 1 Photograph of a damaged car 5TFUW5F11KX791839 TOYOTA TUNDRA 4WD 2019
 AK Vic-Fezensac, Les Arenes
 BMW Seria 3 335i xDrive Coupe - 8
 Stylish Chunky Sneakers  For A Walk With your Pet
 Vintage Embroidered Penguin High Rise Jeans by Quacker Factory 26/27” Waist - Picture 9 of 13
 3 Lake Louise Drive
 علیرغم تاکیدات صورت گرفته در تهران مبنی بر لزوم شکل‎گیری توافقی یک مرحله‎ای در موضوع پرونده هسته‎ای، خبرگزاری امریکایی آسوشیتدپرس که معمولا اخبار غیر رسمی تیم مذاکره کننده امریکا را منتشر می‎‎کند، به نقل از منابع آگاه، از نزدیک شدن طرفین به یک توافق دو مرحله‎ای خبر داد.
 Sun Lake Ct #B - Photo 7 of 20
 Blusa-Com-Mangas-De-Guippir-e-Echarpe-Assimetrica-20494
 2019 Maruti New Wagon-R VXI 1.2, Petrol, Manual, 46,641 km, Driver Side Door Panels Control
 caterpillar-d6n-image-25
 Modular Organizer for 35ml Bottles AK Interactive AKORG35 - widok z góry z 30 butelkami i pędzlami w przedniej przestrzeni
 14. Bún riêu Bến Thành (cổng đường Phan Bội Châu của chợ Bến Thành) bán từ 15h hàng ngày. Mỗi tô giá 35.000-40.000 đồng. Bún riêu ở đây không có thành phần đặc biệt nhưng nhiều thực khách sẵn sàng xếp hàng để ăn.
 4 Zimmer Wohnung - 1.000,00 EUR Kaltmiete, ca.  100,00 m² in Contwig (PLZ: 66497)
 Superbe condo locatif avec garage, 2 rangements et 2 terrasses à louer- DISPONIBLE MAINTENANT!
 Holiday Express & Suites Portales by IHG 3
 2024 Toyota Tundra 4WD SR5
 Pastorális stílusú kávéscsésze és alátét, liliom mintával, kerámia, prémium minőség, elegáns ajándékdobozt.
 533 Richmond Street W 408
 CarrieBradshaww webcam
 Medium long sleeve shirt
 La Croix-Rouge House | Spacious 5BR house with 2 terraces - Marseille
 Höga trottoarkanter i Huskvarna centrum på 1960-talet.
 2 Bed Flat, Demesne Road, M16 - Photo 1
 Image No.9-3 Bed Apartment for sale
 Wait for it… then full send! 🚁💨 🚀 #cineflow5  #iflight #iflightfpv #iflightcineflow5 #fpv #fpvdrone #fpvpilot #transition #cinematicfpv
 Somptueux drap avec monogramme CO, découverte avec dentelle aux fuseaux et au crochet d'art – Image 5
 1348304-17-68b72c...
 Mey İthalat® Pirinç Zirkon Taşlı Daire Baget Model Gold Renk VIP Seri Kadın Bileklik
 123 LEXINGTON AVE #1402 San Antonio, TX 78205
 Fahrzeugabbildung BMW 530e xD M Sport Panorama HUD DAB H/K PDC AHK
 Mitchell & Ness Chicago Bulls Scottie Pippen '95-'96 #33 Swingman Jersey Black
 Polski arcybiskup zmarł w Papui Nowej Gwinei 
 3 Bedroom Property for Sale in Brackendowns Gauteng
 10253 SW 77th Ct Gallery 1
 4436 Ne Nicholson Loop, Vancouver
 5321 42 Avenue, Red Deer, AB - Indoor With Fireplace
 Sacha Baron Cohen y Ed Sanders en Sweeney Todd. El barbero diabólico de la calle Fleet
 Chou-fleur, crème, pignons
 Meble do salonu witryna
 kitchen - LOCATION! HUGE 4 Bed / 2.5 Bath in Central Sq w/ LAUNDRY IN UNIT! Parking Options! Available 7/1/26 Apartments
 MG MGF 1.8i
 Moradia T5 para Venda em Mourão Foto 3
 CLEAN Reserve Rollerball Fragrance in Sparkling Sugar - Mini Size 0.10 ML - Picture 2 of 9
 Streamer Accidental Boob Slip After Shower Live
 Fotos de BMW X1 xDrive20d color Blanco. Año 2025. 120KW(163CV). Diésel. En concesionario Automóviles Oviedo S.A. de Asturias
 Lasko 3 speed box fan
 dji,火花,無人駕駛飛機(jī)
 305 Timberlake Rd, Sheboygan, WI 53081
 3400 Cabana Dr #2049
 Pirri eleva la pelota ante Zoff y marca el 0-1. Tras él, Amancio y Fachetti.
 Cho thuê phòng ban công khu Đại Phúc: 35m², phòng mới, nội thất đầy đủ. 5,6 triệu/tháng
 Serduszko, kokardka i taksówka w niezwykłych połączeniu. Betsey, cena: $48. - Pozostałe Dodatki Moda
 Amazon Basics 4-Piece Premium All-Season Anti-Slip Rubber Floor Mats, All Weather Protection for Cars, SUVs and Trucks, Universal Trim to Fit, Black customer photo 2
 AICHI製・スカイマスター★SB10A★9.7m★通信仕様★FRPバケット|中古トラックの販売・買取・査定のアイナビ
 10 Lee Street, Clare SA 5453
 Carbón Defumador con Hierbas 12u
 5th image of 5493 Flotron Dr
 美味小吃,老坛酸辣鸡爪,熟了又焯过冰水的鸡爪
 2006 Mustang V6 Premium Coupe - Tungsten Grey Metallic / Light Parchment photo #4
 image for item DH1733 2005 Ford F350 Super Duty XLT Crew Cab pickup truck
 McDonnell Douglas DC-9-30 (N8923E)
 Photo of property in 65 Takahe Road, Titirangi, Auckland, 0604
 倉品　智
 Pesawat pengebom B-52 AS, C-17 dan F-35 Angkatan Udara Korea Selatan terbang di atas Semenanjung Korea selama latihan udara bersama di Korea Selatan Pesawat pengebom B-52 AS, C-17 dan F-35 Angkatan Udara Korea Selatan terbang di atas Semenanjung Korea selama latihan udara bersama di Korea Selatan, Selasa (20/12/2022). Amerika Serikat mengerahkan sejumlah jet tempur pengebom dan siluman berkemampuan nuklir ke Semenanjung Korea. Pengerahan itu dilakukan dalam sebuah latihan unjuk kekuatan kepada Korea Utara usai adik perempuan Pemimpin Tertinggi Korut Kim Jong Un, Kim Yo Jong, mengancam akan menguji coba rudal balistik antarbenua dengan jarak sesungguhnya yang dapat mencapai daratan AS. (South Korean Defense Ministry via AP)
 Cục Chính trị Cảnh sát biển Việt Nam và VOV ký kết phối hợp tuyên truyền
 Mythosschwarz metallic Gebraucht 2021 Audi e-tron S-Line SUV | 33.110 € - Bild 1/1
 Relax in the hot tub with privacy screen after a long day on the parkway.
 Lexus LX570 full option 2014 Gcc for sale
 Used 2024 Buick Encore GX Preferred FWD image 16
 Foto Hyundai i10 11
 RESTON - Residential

=====

■ **Directions for this task**:
Repeat all of the records, letter for letter.

■ **Written solution**:
 1 Photograph of a damaged car 5TFUW5F11KX791839 TOYOTA TUNDRA 4WD 2019
 AK Vic-Fezensac, Les Arenes
 BMW Seria 3 335i xDrive Coupe - 8
 Stylish Chunky Sneakers  For A Walk With your Pet
 Vintage Embroidered Penguin High Rise Jeans by Quacker Factory 26/27” Waist - Picture 9 of 13
 3 Lake Louise Drive
 علیرغم تاکیدات صورت گرفته در تهران مبنی بر لزوم شکل‎گیری توافقی یک مرحله‎ای در موضوع پرونده هسته‎ای، خبرگزاری امریکایی آسوشیتدپرس که معمولا اخبار غیر رسمی تیم مذاکره کننده امریکا را منتشر می‎‎کند، به نقل از منابع آگاه، از نزدیک شدن طرفین به یک توافق دو مرحله‎ای خبر داد.
 Sun Lake Ct #B - Photo 7 of 20
 Blusa-Com-Mangas-De-Guippir-e-Echarpe-Assimetrica-20494
 2019 Maruti New Wagon-R VXI 1.2, Petrol, Manual, 46,641 km, Driver Side Door Panels Control
 caterpillar-d6n-image-25
 Modular Organizer for 35ml Bottles AK Interactive AKORG35 - widok z góry z 30 butelkami i pędzlami w przedniej przestrzeni
 14. Bún riêu Bến Thành (cổng đường Phan Bội Châu của chợ Bến Thành) bán từ 15h hàng ngày. Mỗi tô giá 35.000-40.000 đồng. Bún riêu ở đây không có thành phần đặc biệt nhưng nhiều thực khách sẵn sàng xếp hàng để ăn.
 4 Zimmer Wohnung - 1.000,00 EUR Kaltmiete, ca.  100,00 m² in Contwig (PLZ: 66497)
 Superbe condo locatif avec garage, 2 rangements et 2 terrasses à louer- DISPONIBLE MAINTENANT!
 Holiday Express & Suites Portales by IHG 3
 2024 Toyota Tundra 4WD SR5
 Pastorális stílusú kávéscsésze és alátét, liliom mintával, kerámia, prémium minőség, elegáns ajándékdobozt.
 533 Richmond Street W 408
 CarrieBradshaww webcam
 Medium long sleeve shirt
 La Croix-Rouge House | Spacious 5BR house with 2 terraces - Marseille
 Höga trottoarkanter i Huskvarna centrum på 1960-talet.
 2 Bed Flat, Demesne Road, M16 - Photo 1
 Image No.9-3 Bed Apartment for sale
 Wait for it… then full send! 🚁💨 🚀 #cineflow5  #iflight #iflightfpv #iflightcineflow5 #fpv #fpvdrone #fpvpilot #transition #cinematicfpv
 Somptueux drap avec monogramme CO, découverte avec dentelle aux fuseaux et au crochet d'art – Image 5
 1348304-17-68b72c...
 Mey İthalat® Pirinç Zirkon Taşlı Daire Baget Model Gold Renk VIP Seri Kadın Bileklik
 123 LEXINGTON AVE #1402 San Antonio, TX 78205
 Fahrzeugabbildung BMW 530e xD M Sport Panorama HUD DAB H/K PDC AHK
 Mitchell & Ness Chicago Bulls Scottie Pippen '95-'96 #33 Swingman Jersey Black
 Polski arcybiskup zmarł w Papui Nowej Gwinei 
 3 Bedroom Property for Sale in Brackendowns Gauteng
 10253 SW 77th Ct Gallery 1
 4436 Ne Nicholson Loop, Vancouver
 5321 42 Avenue, Red Deer, AB - Indoor With Fireplace
 Sacha Baron Cohen y Ed Sanders en Sweeney Todd. El barbero diabólico de la calle Fleet
 Chou-fleur, crème, pignons
 Meble do salonu witryna
 kitchen - LOCATION! HUGE 4 Bed / 2.5 Bath in Central Sq w/ LAUNDRY IN UNIT! Parking Options! Available 7/1/26 Apartments
 MG MGF 1.8i
 Moradia T5 para Venda em Mourão Foto 3
 CLEAN Reserve Rollerball Fragrance in Sparkling Sugar - Mini Size 0.10 ML - Picture 2 of 9
 Streamer Accidental Boob Slip After Shower Live
 Fotos de BMW X1 xDrive20d color Blanco. Año 2025. 120KW(163CV). Diésel. En concesionario Automóviles Oviedo S.A. de Asturias
 Lasko 3 speed box fan
 dji,火花,無人駕駛飛機(jī)
 305 Timberlake Rd, Sheboygan, WI 53081
 3400 Cabana Dr #2049
 Pirri eleva la pelota ante Zoff y marca el 0-1. Tras él, Amancio y Fachetti.
 Cho thuê phòng ban công khu Đại Phúc: 35m², phòng mới, nội thất đầy đủ. 5,6 triệu/tháng
 Serduszko, kokardka i taksówka w niezwykłych połączeniu. Betsey, cena: $48. - Pozostałe Dodatki Moda
 Amazon Basics 4-Piece Premium All-Season Anti-Slip Rubber Floor Mats, All Weather Protection for Cars, SUVs and Trucks, Universal Trim to Fit, Black customer photo 2
 AICHI製・スカイマスター★SB10A★9.7m★通信仕様★FRPバケット|中古トラックの販売・買取・査定のアイナビ
 10 Lee Street, Clare SA 5453
 Carbón Defumador con Hierbas 12u
 5th image of 5493 Flotron Dr
 美味小吃,老坛酸辣鸡爪,熟了又焯过冰水的鸡爪
 2006 Mustang V6 Premium Coupe - Tungsten Grey Metallic / Light Parchment photo #4
 image for item DH1733 2005 Ford F350 Super Duty XLT Crew Cab pickup truck
 McDonnell Douglas DC-9-30 (N8923E)
 Photo of property in 65 Takahe Road, Titirangi, Auckland, 0604
 倉品　智
 Pesawat pengebom B-52 AS, C-17 dan F-35 Angkatan Udara Korea Selatan terbang di atas Semenanjung Korea selama latihan udara bersama di Korea Selatan Pesawat pengebom B-52 AS, C-17 dan F-35 Angkatan Udara Korea Selatan terbang di atas Semenanjung Korea selama latihan udara bersama di Korea Selatan, Selasa (20/12/2022). Amerika Serikat mengerahkan sejumlah jet tempur pengebom dan siluman berkemampuan nuklir ke Semenanjung Korea. Pengerahan itu dilakukan dalam sebuah latihan unjuk kekuatan kepada Korea Utara usai adik perempuan Pemimpin Tertinggi Korut Kim Jong Un, Kim Yo Jong, mengancam akan menguji coba rudal balistik antarbenua dengan jarak sesungguhnya yang dapat mencapai daratan AS. (South Korean Defense Ministry via AP)
 Cục Chính trị Cảnh sát biển Việt Nam và VOV ký kết phối hợp tuyên truyền
 Mythosschwarz metallic Gebraucht 2021 Audi e-tron S-Line SUV | 33.110 € - Bild 1/1
 Relax in the hot tub with privacy screen after a long day on the parkway.
 Lexus LX570 full option 2014 Gcc for sale
 Used 2024 Buick Encore GX Preferred FWD image 16
 Foto Hyundai i10 11
 RESTON - Residential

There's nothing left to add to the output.